On review of the Complaint, it appears Plaintiff has not alleged sufficient information to determine the citizenship of the parties to this action. In regard to his own citizenship, Plaintiff asserts that he "resides in Orange County, California." Complaint at ¶ 1. However, as explained above, the allegation of residence is not sufficient to determine an individual's citizenship for diversity jurisdiction purposes. Taylor, 30 F.3d at 1367. Plaintiff's allegations regarding the citizenship of the eight Defendants are equally deficient. First, four of the Defendants are denominated as LLCs. See Complaint at ¶ 3 (Nordian Healthcare Solutions, LLC); id. at ¶ 5 (Cahaba Government Benefit Administration, LLC); id. at ¶ 6 (Palmetto GBA, LLC); id. at ¶ 7 (GCS Administrators, LLC). However, in alleging the citizenship of these Defendants, the Plaintiff alleges facts that attempt to address the pleading requirements for corporations. See id. at ¶ 3 (". . . North Dakota corporation with its principal place of business located at . . ."); id. at ¶ 5 (". . . Alabama corporation with its business being located at . . ."); id. at ¶ 6 (". . . South Carolina corporation with its business being located at . . ."); id. at ¶ 7 (". . . Tennessee corporation with its business located at . . ."). However, as discussed above, the pleading standards for limited liability companies and corporations are different.
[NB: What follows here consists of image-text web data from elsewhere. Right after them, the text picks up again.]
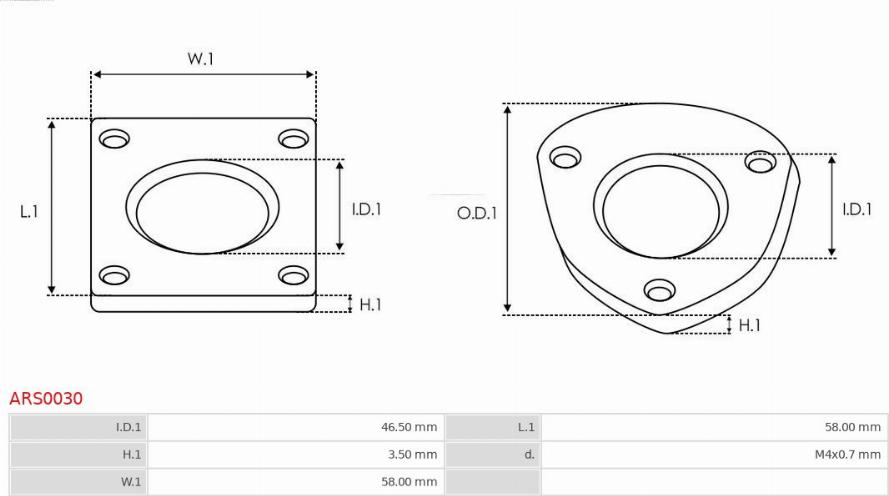 AS-PL ARS0030 - Reparationssats, generator xdelar.se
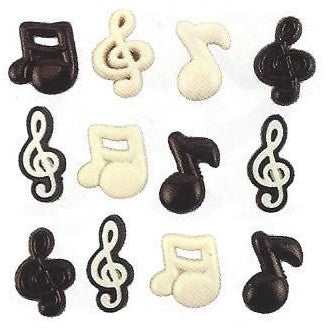 Bottoni decorativi - Music Notes - 335610 - 4279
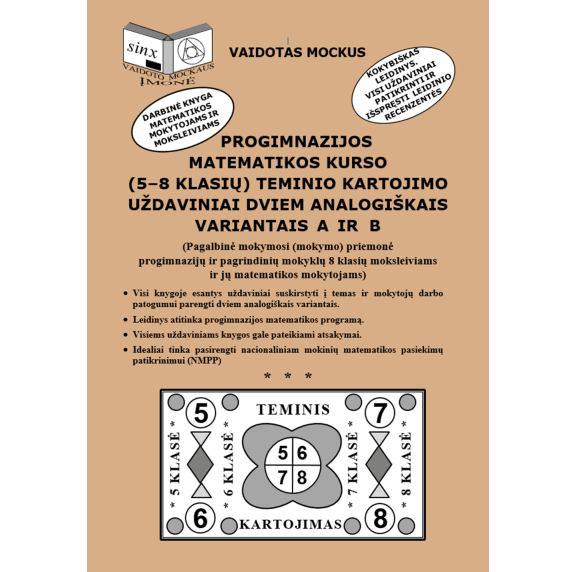 Progimnazijos matematikos kurso 5-8 kl. kartojimo uždaviniai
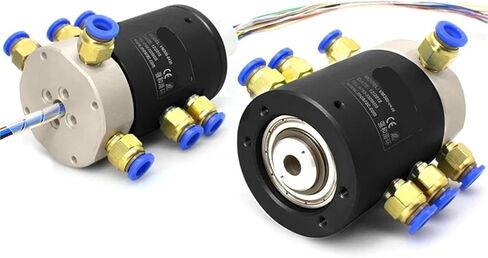 1pc Electric Slip Ring 2/4/6/8/Passages Pneumatic Rotary Joint/Rotary Union Port Size 4mm M5 port(4 Passage M5) in Saudi Arabia
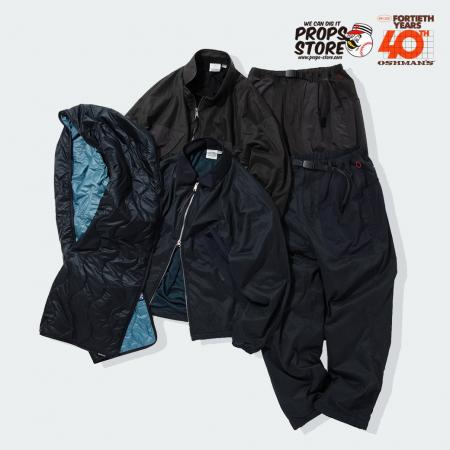 OSHMAN’S 40th ANNIVERSARY PROJECT　PROPS STORE × O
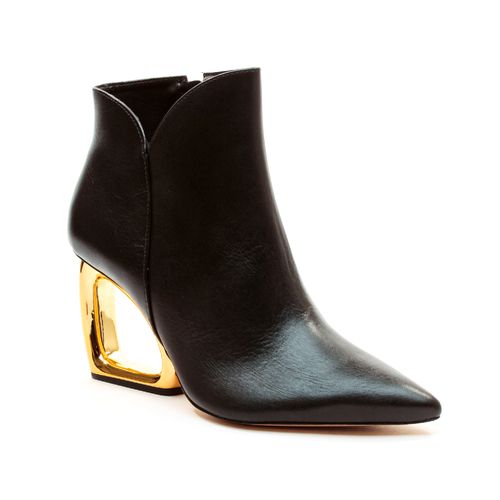 Bota Couro Preto Cano Curto Cecconello 2450001-1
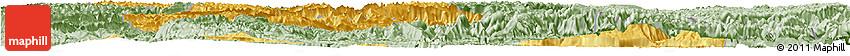 Savanna Style Horizon Map of Enshi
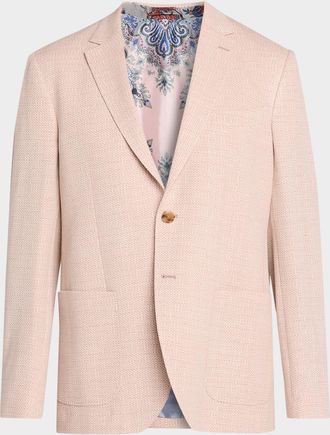 Etro Men & apos;s Multi-Woven Single-Breasted Sport Coat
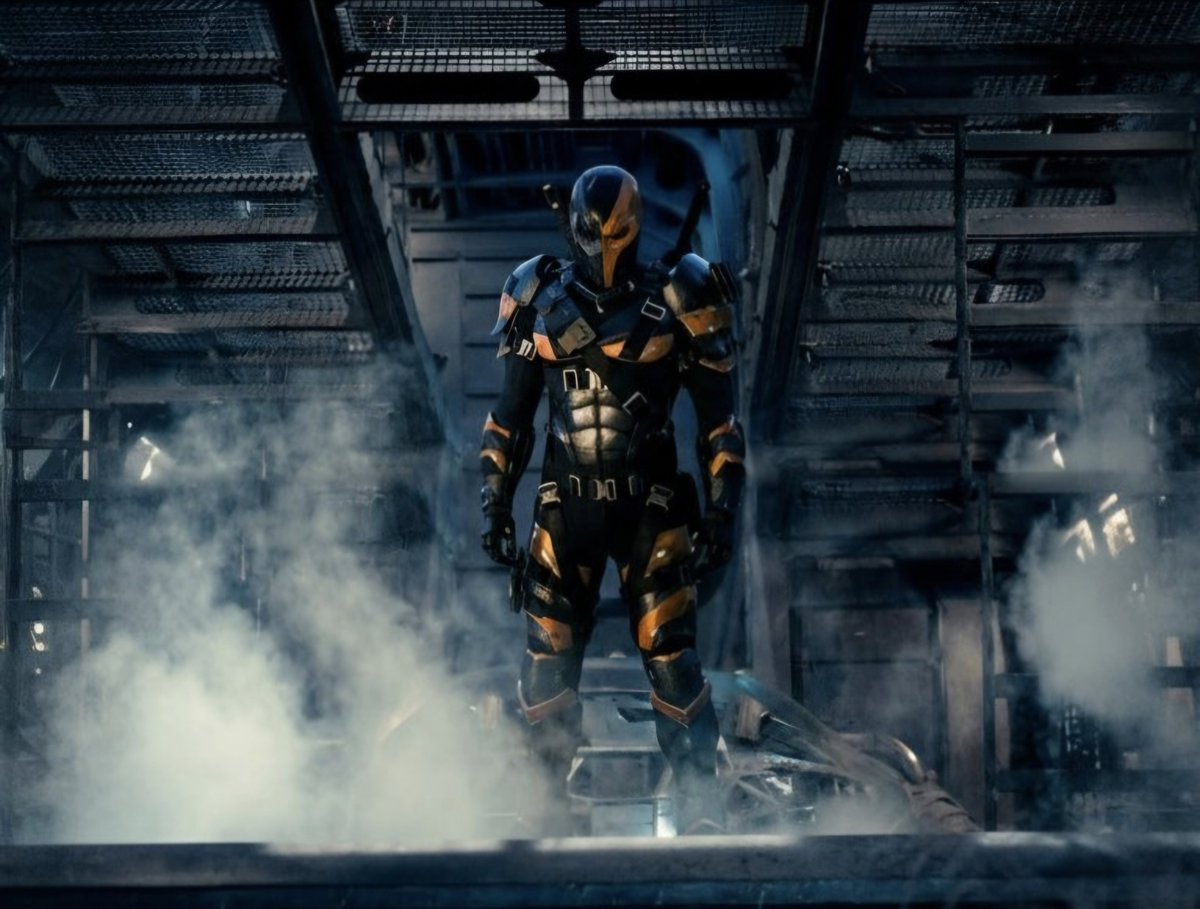 restoreZSJL's tweet photo. We need to see Joe Manganiello Deathstroke in action against Ben Afflecks Batman in Bens solo movie.

#MakeTheBatfleckMovie
#RestoreTheSnyderVerse https://t.co/7Vc2QSlSEa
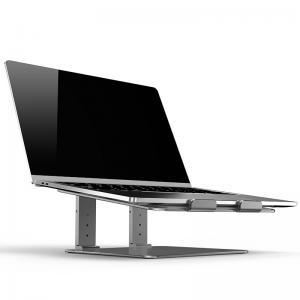 147mm Adjustable Height  Aluminium Laptop Stand For 17.3 inch Solid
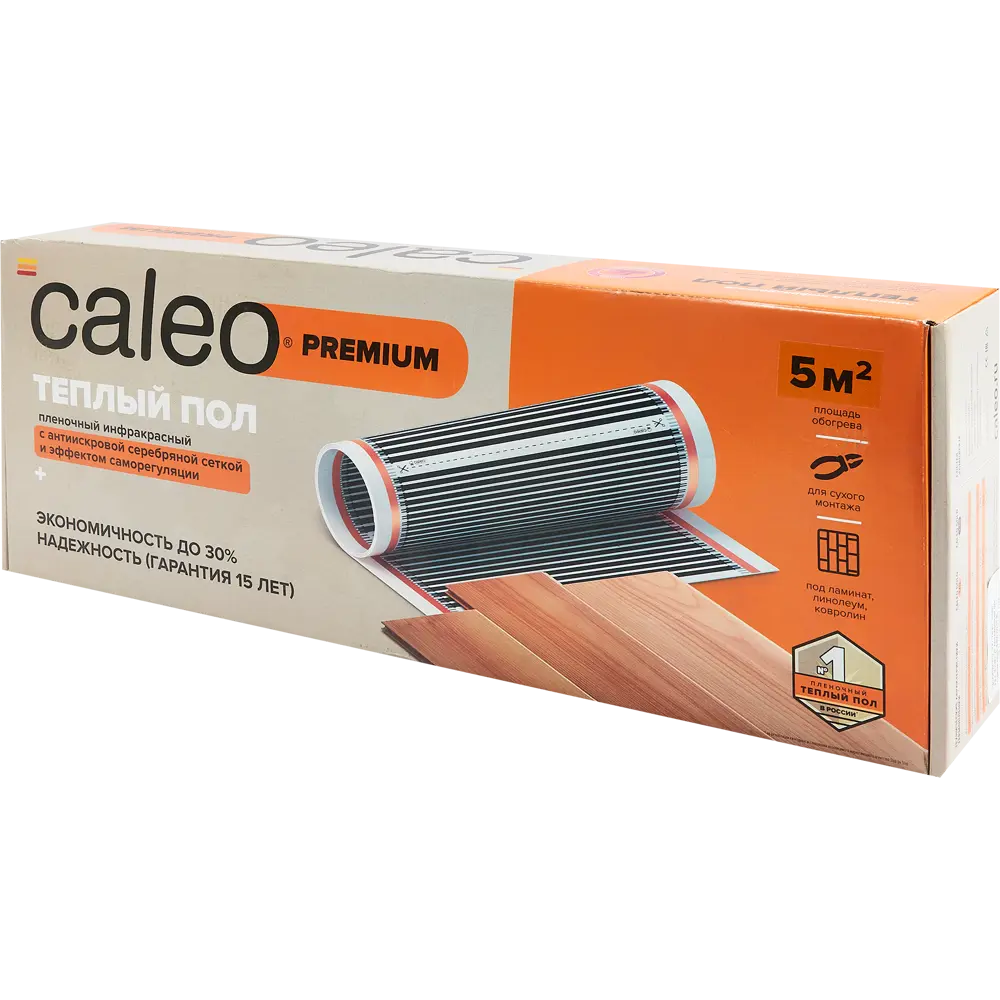 Инфракрасная пленка для теплого пола Caleo Premium 5 м2 1150 Вт STLM-2095470 - Вид №4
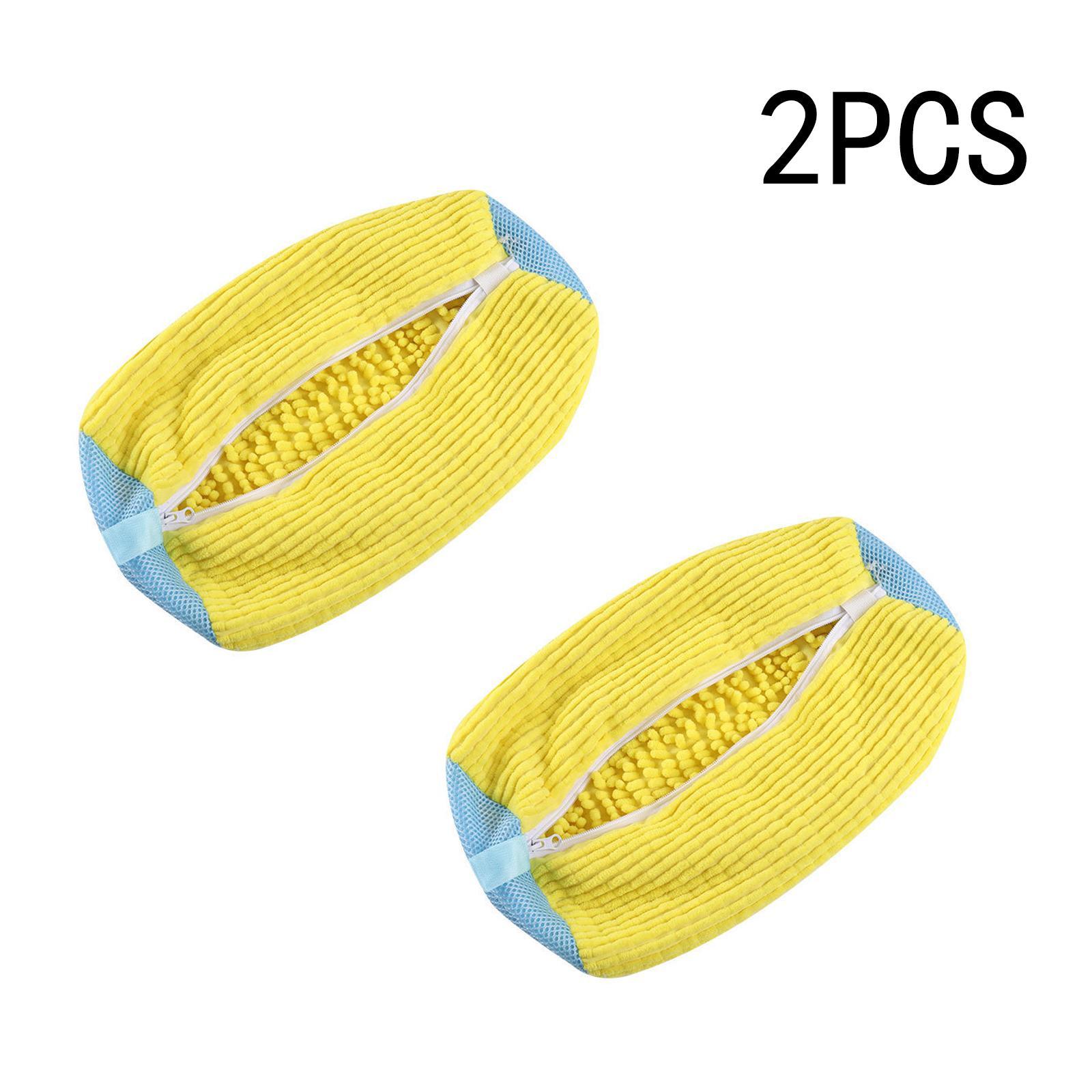 2-Pack Washing Machine Shoe Bags, Zipper Closure Laundry Bags, Protect Sports Shoes During Wash, Ideal for Travel and Home Use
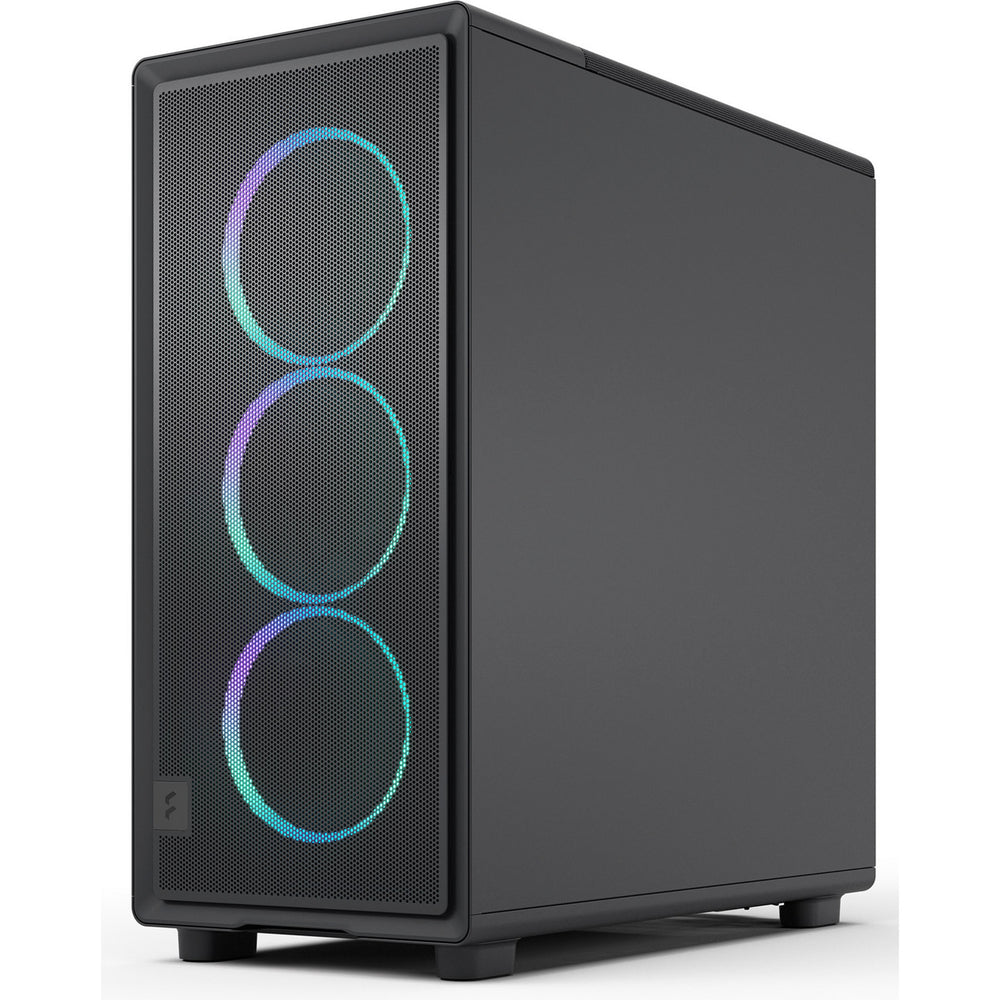 Fractal design epoch rgb midi tower behuizing (zwart | 2x usb-a | 1x usb-c | rgb | tempered glass)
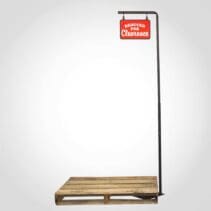 Workman Sign Frame Pallet Stand Black Base - 10" x 10"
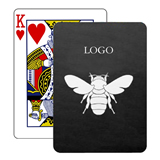 Baronet White Poker Size Playing Cards w/Regular Face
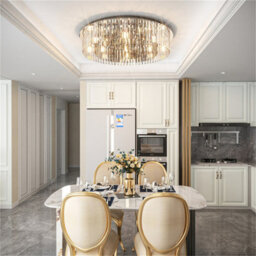 Vrygle Luxury 4-Tiers Modern Crystal Flush Mount Chandelier Pendant Lamp Ceiling Light,60Cm - thumbnail 7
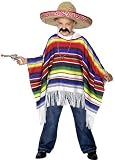 BOYS/KIDS MEXICAN PONCHO FANCY DRESS COSTUME - ONE SIZE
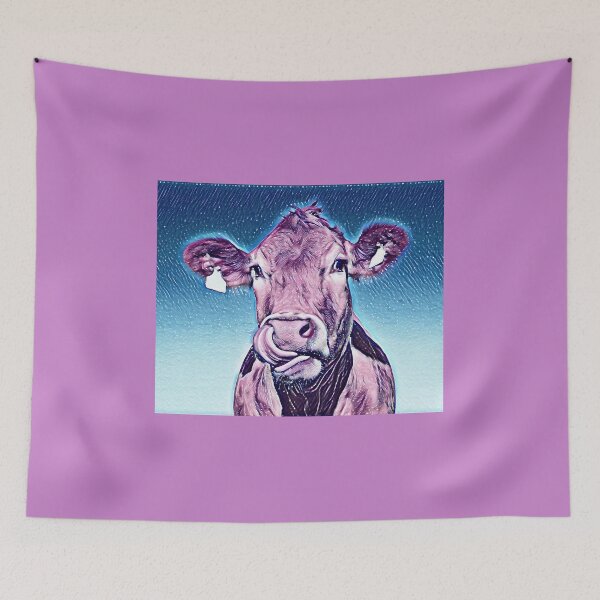 Item preview, Purple cow designed and sold by Ninaeva.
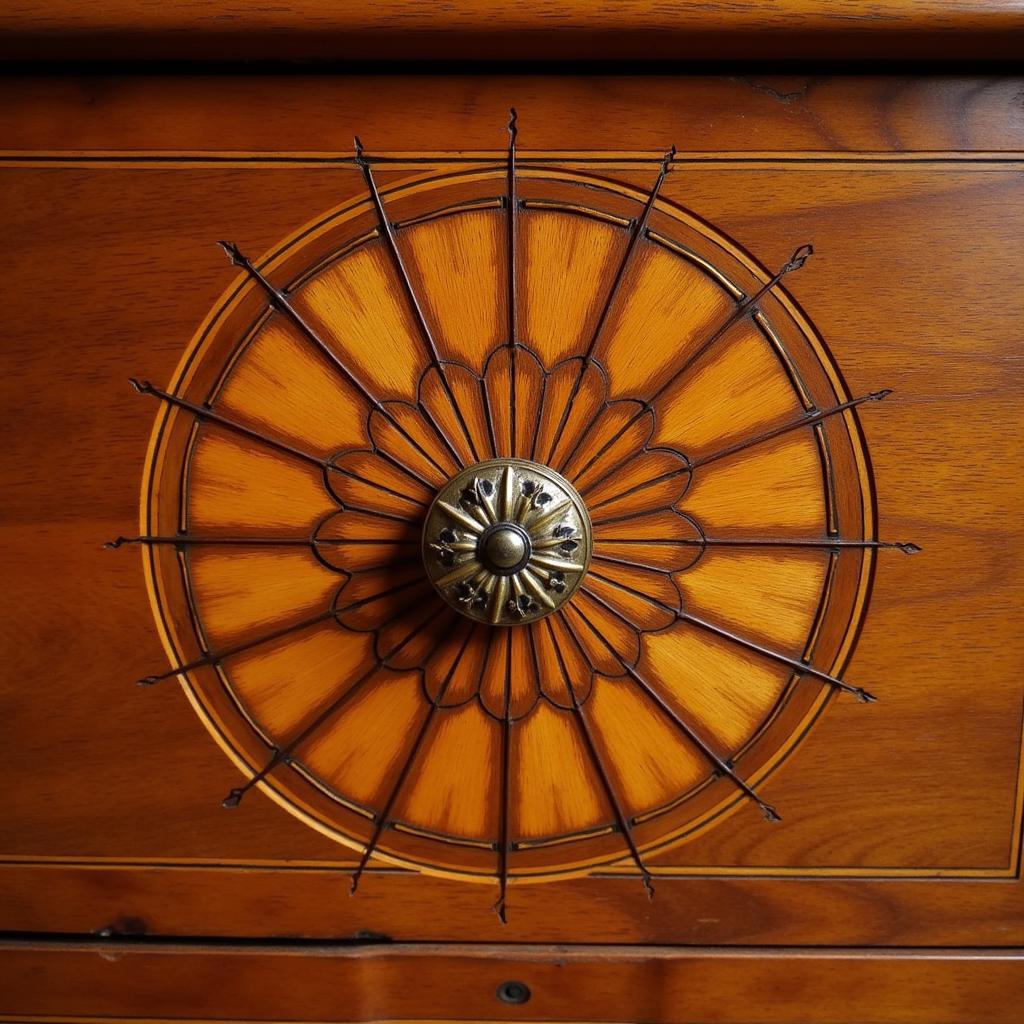 Art Deco furniture with an inlaid medallion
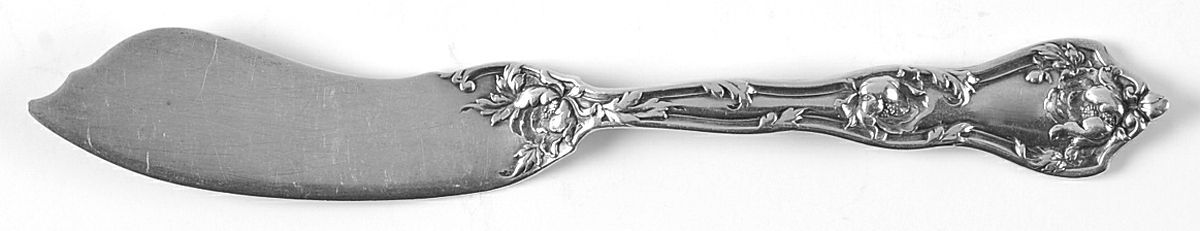 Intaglio (Sterling, 1905, Eagle-R-Lion) Flat Handle Master Butter Knife by Reed & Barton-1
In this regard, Plaintiff must clarify whether the named Defendants are limited liability companies or corporations. If, despite their names, they are corporations, Plaintiff must sufficiently allege the place or places in which each is incorporated, as well as the principal place of business for each. Conversely, if these Defendants are, as they appear to be, LLCs, Plaintiff must allege the citizenship of each of the Defendant LLCs' members. Accordingly, the information presently before the Court regarding the aforementioned Defendants' citizenship is insufficient to invoke the Court's subject matter jurisdiction over this action.

Plaintiff is advised that each member's citizenship must be properly alleged, be it an individual, corporation, LLC, or other entity.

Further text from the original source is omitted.